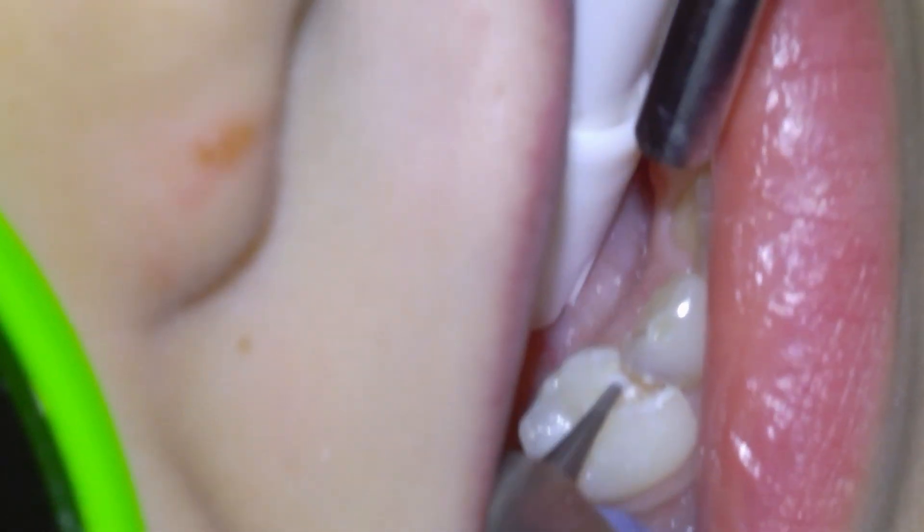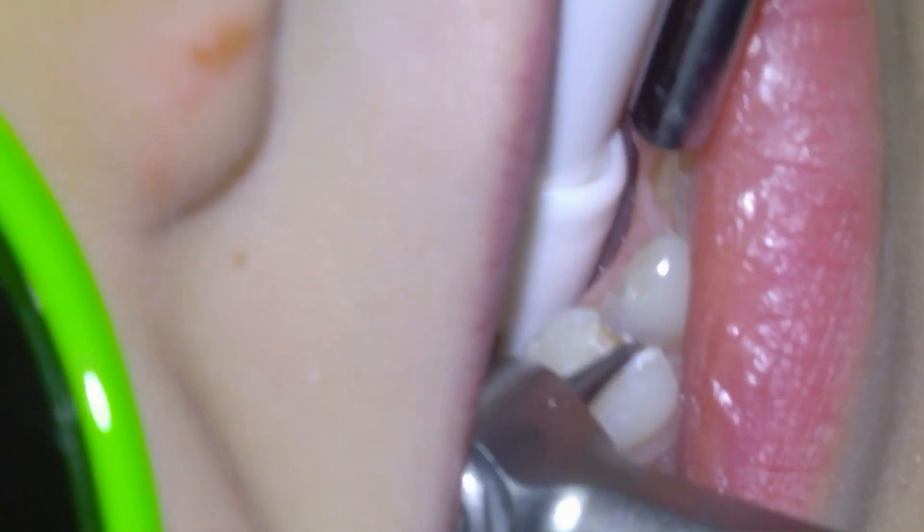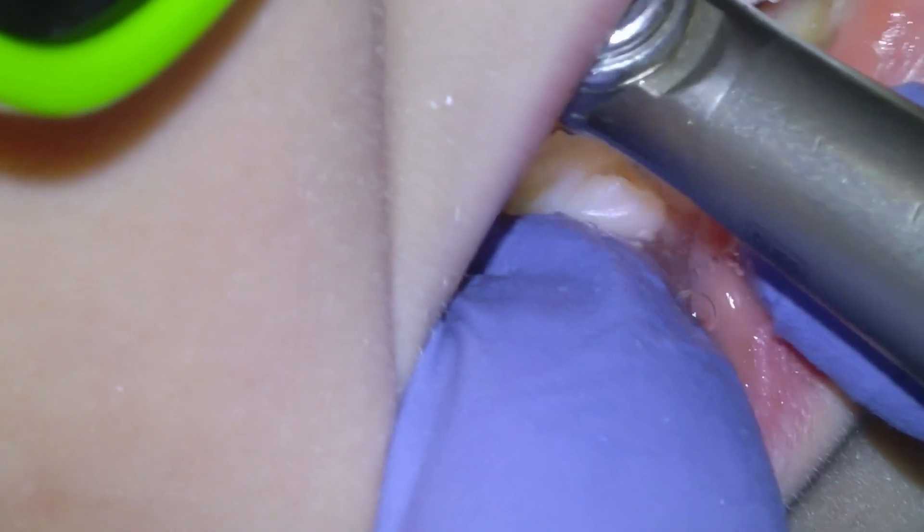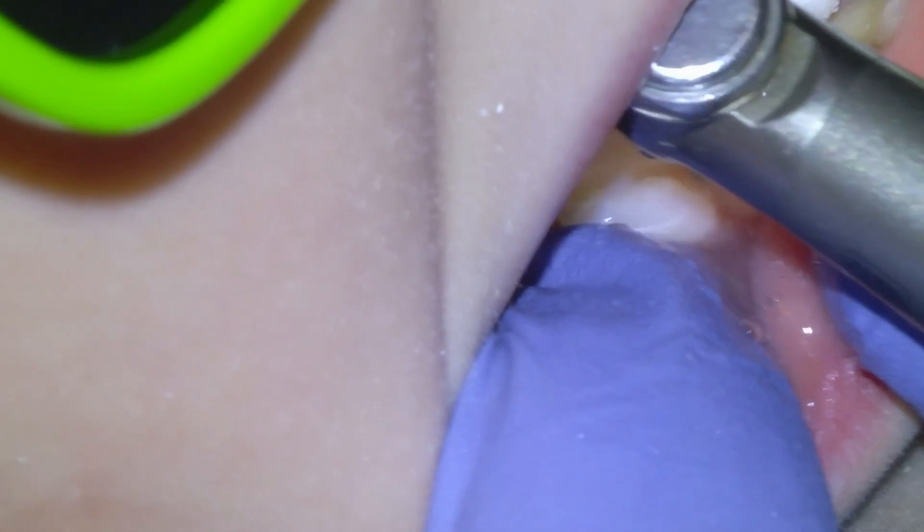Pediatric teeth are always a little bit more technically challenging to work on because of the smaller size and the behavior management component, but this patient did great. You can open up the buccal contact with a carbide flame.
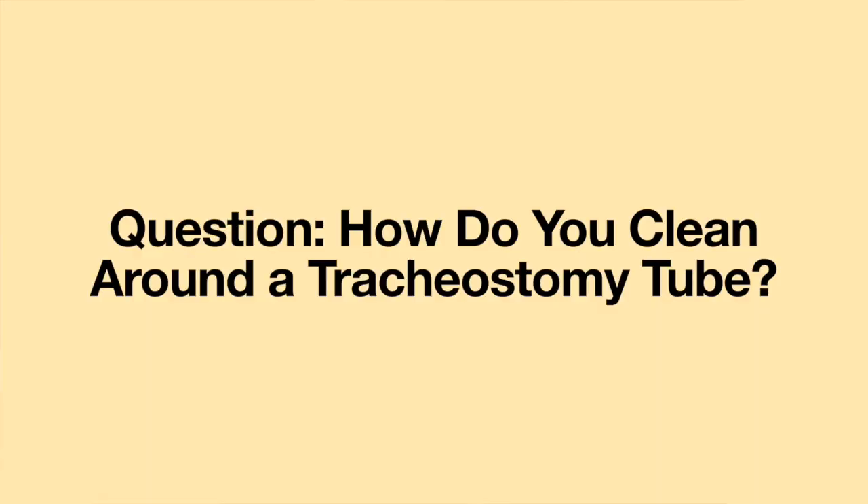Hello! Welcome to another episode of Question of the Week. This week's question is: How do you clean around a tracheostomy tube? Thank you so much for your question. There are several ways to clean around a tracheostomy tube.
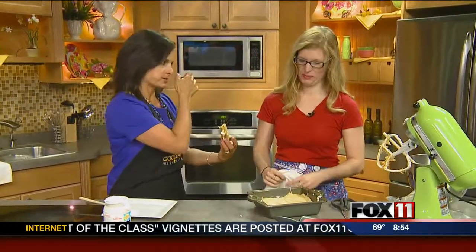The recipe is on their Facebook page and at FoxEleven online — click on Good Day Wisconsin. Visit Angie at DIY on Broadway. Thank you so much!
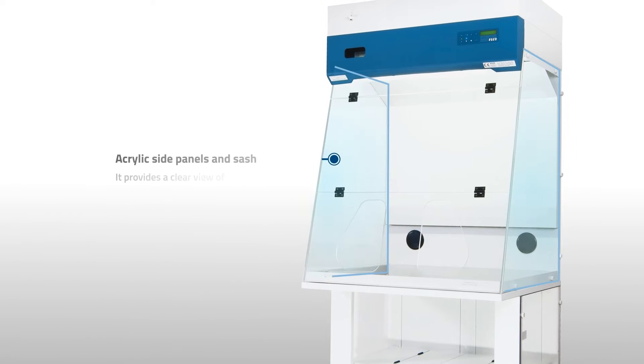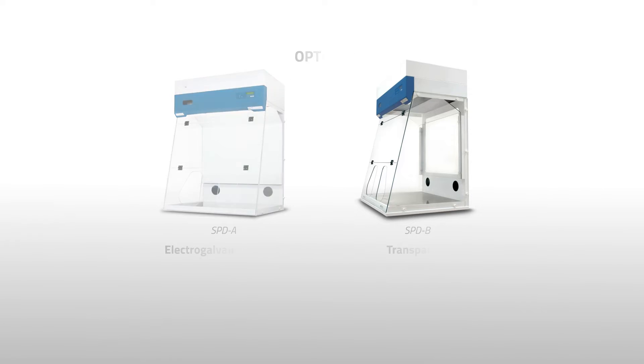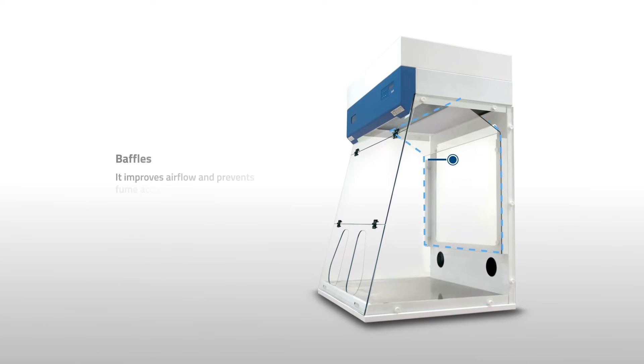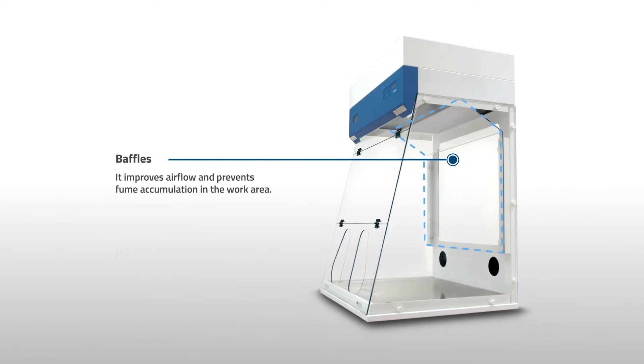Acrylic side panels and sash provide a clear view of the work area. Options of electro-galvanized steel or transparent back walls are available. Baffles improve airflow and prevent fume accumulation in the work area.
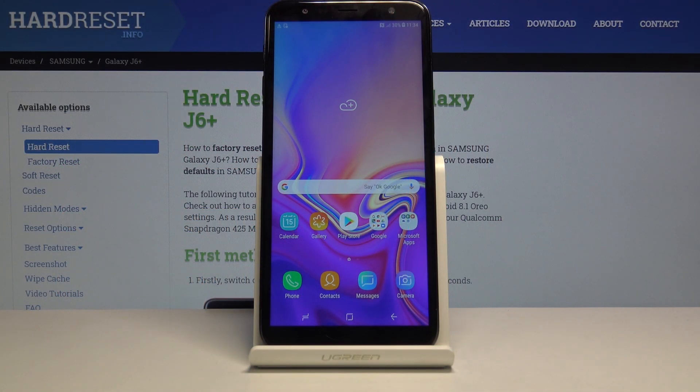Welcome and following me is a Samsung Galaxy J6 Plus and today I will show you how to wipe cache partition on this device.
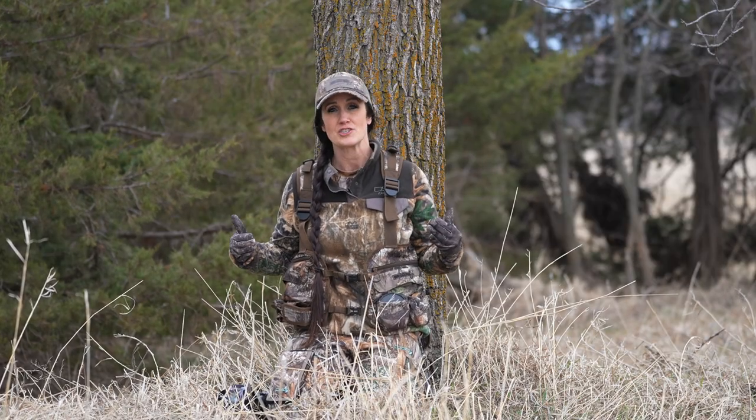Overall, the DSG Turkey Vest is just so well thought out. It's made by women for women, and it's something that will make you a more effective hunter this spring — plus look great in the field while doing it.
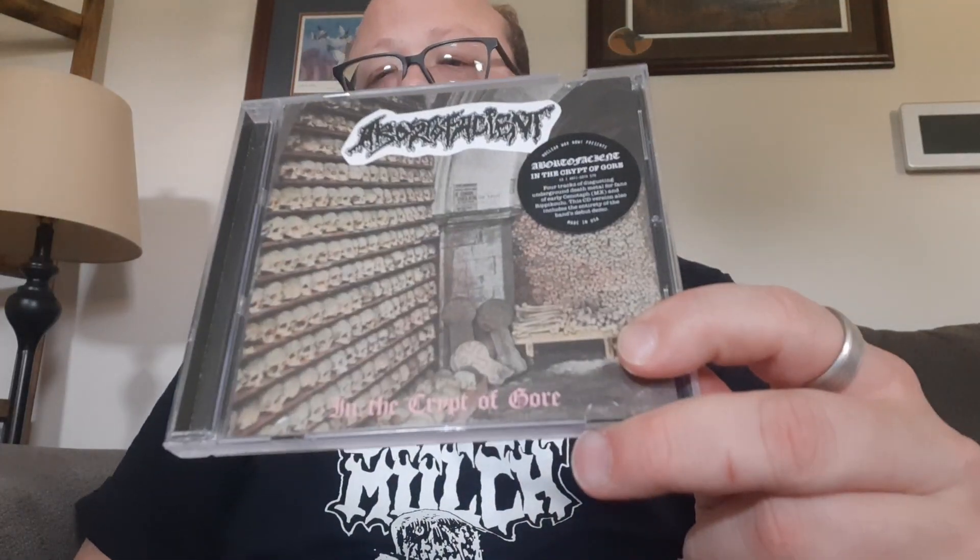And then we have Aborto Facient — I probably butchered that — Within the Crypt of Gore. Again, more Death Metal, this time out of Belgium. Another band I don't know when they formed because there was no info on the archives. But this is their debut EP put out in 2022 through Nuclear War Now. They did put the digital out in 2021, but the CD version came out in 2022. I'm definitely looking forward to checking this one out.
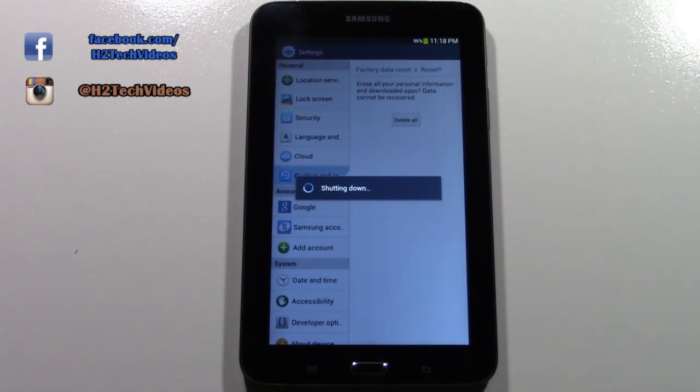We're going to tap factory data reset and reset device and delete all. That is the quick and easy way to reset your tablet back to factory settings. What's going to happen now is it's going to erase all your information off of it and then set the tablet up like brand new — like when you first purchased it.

....

:: Description of the task ::
Every entry above needs to be duplicated exactly, without its images.

:: Reply ::
Pediatric teeth are always a little bit more technically challenging to work on because of the smaller size and the behavior management component, but this patient did great. You can open up the buccal contact with a carbide flame.
Hello! Welcome to another episode of Question of the Week. This week's question is: How do you clean around a tracheostomy tube? Thank you so much for your question. There are several ways to clean around a tracheostomy tube.
The recipe is on their Facebook page and at FoxEleven online — click on Good Day Wisconsin. Visit Angie at DIY on Broadway. Thank you so much!
Acrylic side panels and sash provide a clear view of the work area. Options of electro-galvanized steel or transparent back walls are available. Baffles improve airflow and prevent fume accumulation in the work area.
Welcome and following me is a Samsung Galaxy J6 Plus and today I will show you how to wipe cache partition on this device.
Overall, the DSG Turkey Vest is just so well thought out. It's made by women for women, and it's something that will make you a more effective hunter this spring — plus look great in the field while doing it.
And then we have Aborto Facient — I probably butchered that — Within the Crypt of Gore. Again, more Death Metal, this time out of Belgium. Another band I don't know when they formed because there was no info on the archives. But this is their debut EP put out in 2022 through Nuclear War Now. They did put the digital out in 2021, but the CD version came out in 2022. I'm definitely looking forward to checking this one out.
We're going to tap factory data reset and reset device and delete all. That is the quick and easy way to reset your tablet back to factory settings. What's going to happen now is it's going to erase all your information off of it and then set the tablet up like brand new — like when you first purchased it.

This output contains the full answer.